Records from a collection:
[Start of section]

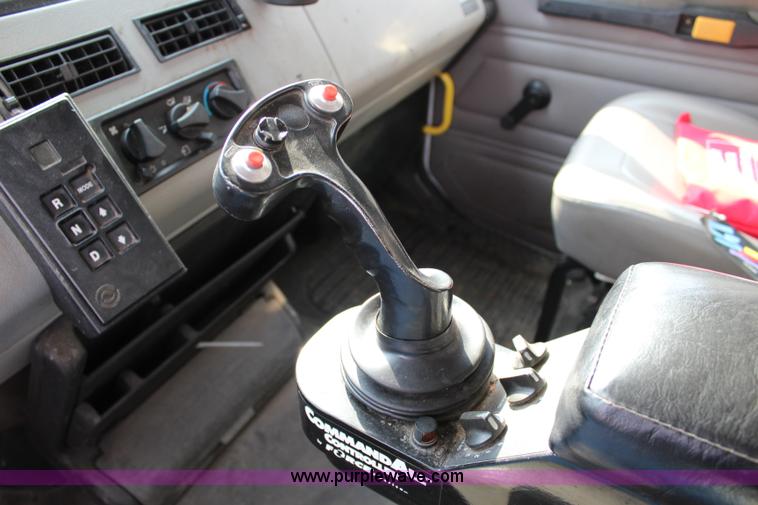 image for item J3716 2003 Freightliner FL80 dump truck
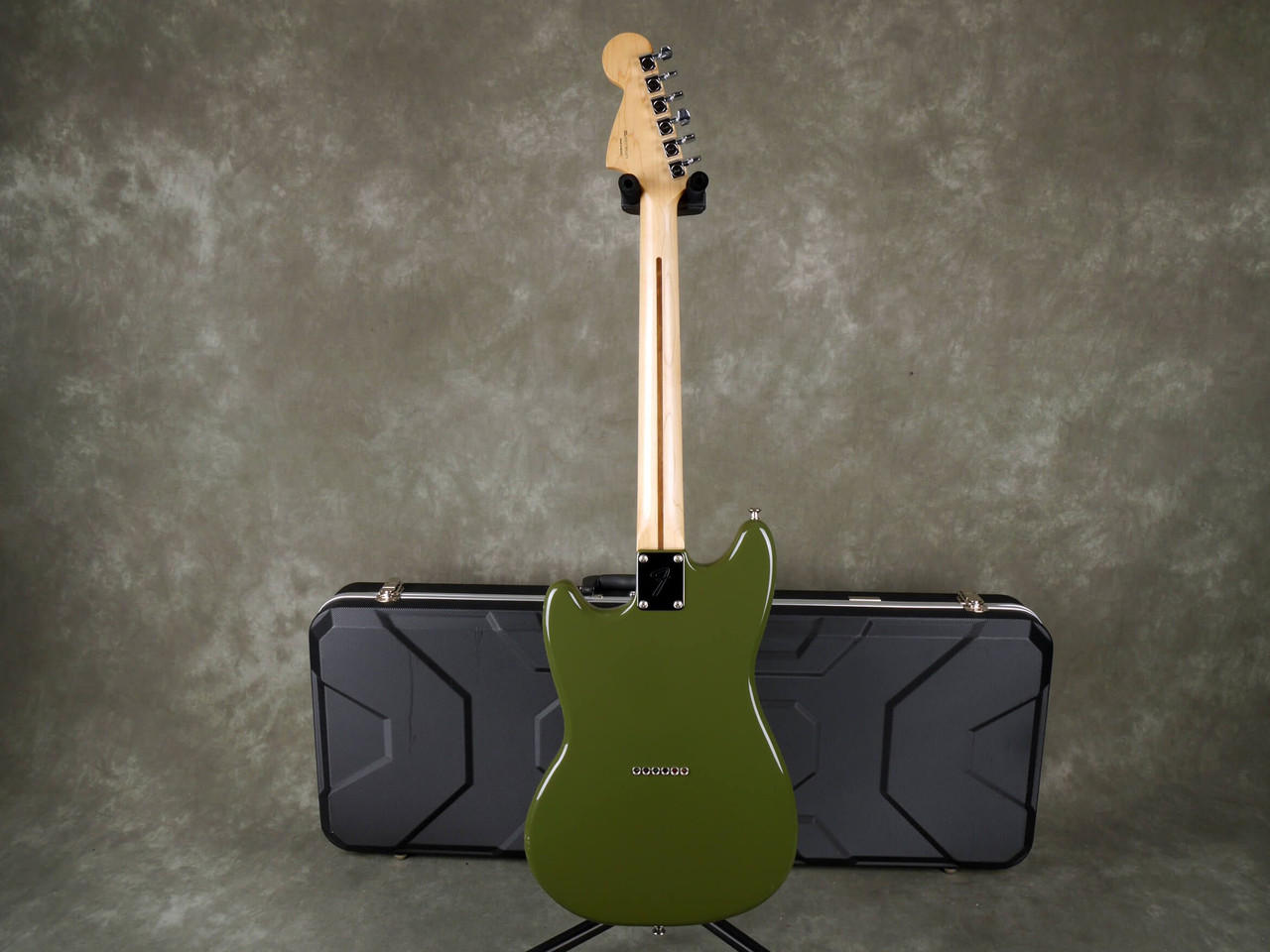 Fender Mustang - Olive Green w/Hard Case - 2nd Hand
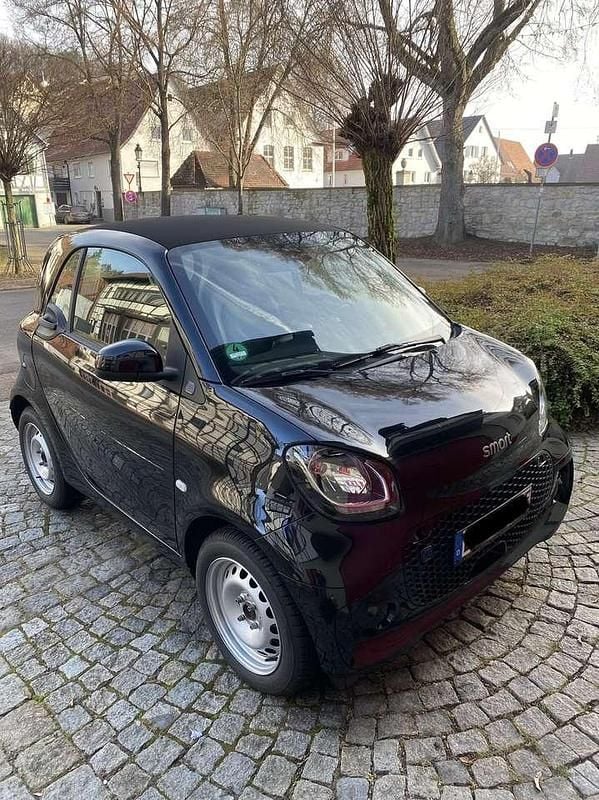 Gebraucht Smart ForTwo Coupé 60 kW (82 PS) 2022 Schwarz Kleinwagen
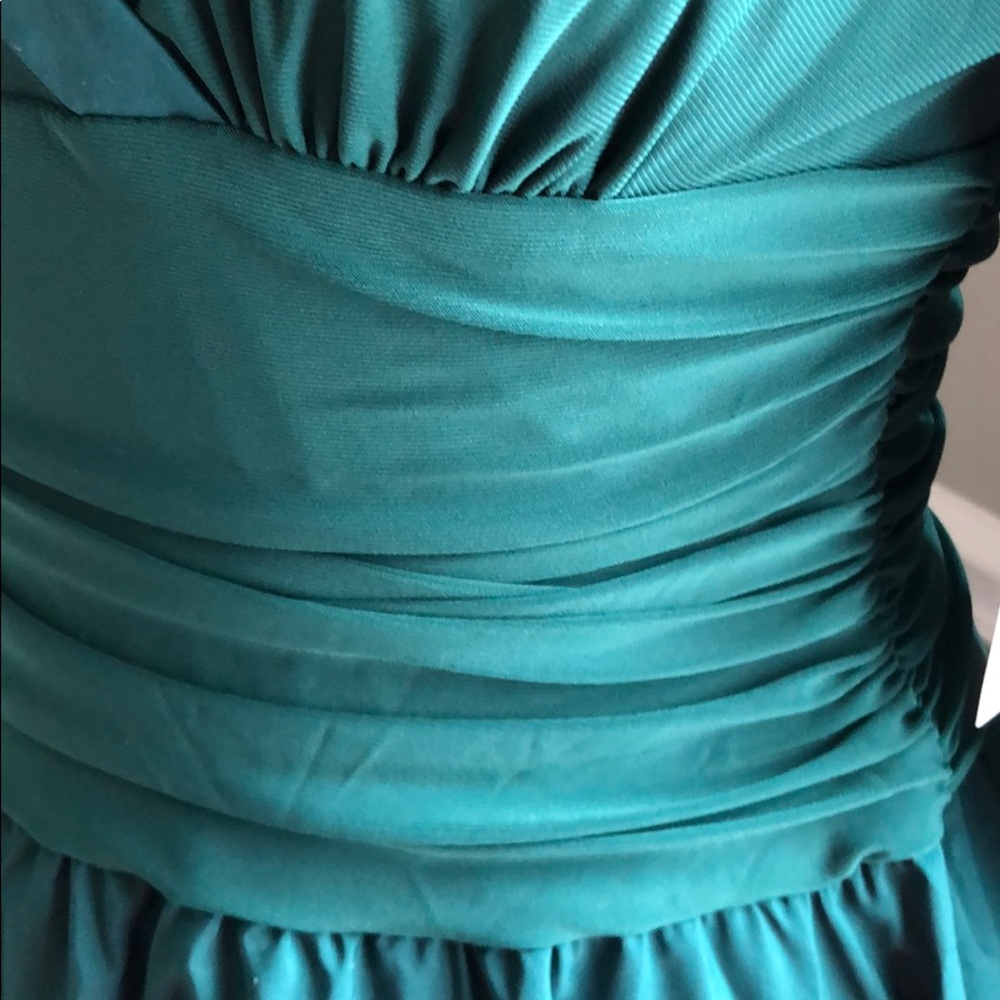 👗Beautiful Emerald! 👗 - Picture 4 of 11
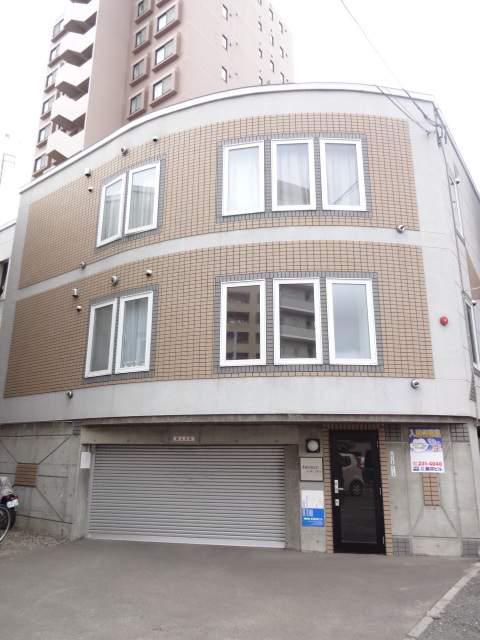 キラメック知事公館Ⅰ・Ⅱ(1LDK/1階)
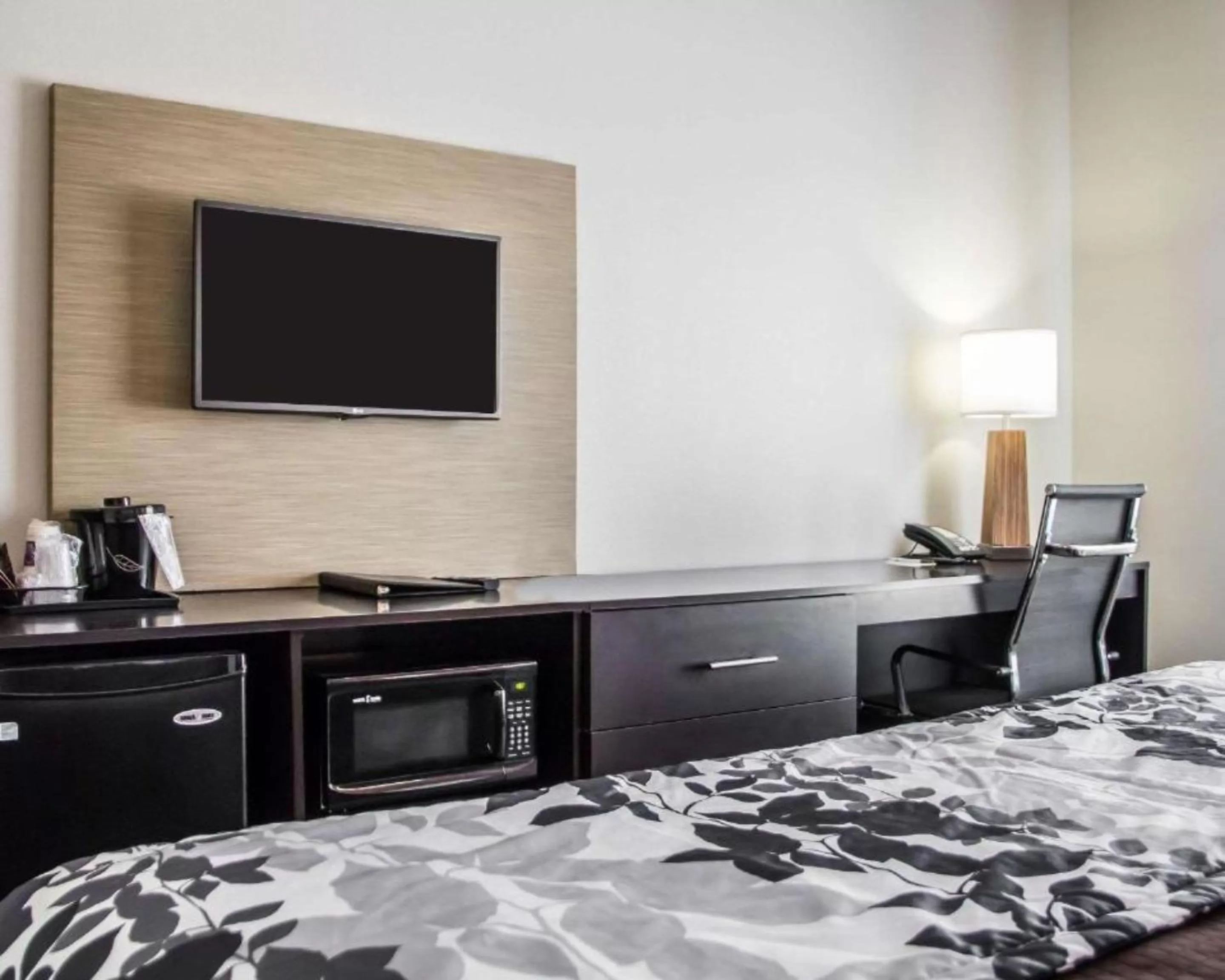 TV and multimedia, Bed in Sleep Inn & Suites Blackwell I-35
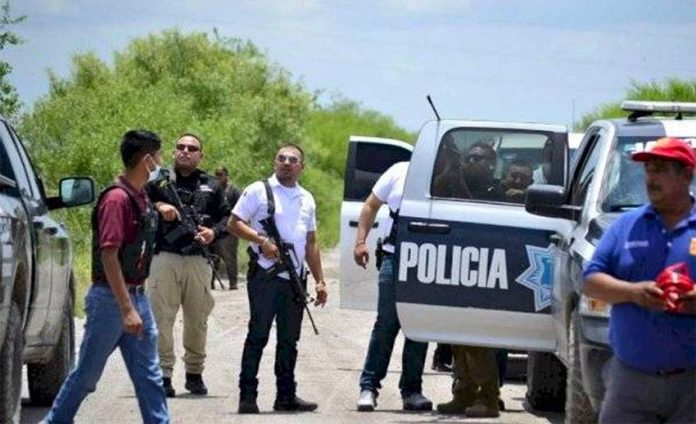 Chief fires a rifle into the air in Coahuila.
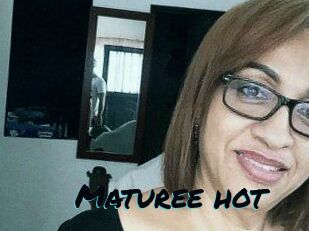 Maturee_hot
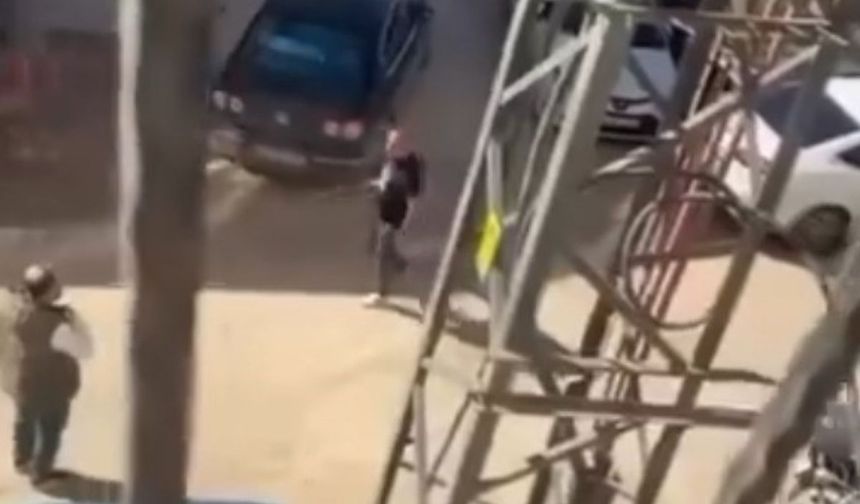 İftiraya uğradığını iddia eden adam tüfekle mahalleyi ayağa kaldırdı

[End of section]

### YOUR GOAL
Reproduce the data above verbatim, minus any images.

### EXPECTED ANSWER
 image for item J3716 2003 Freightliner FL80 dump truck
 Fender Mustang - Olive Green w/Hard Case - 2nd Hand
 Gebraucht Smart ForTwo Coupé 60 kW (82 PS) 2022 Schwarz Kleinwagen
 👗Beautiful Emerald! 👗 - Picture 4 of 11
 キラメック知事公館Ⅰ・Ⅱ(1LDK/1階)
 TV and multimedia, Bed in Sleep Inn & Suites Blackwell I-35
 Chief fires a rifle into the air in Coahuila.
 Maturee_hot
 İftiraya uğradığını iddia eden adam tüfekle mahalleyi ayağa kaldırdı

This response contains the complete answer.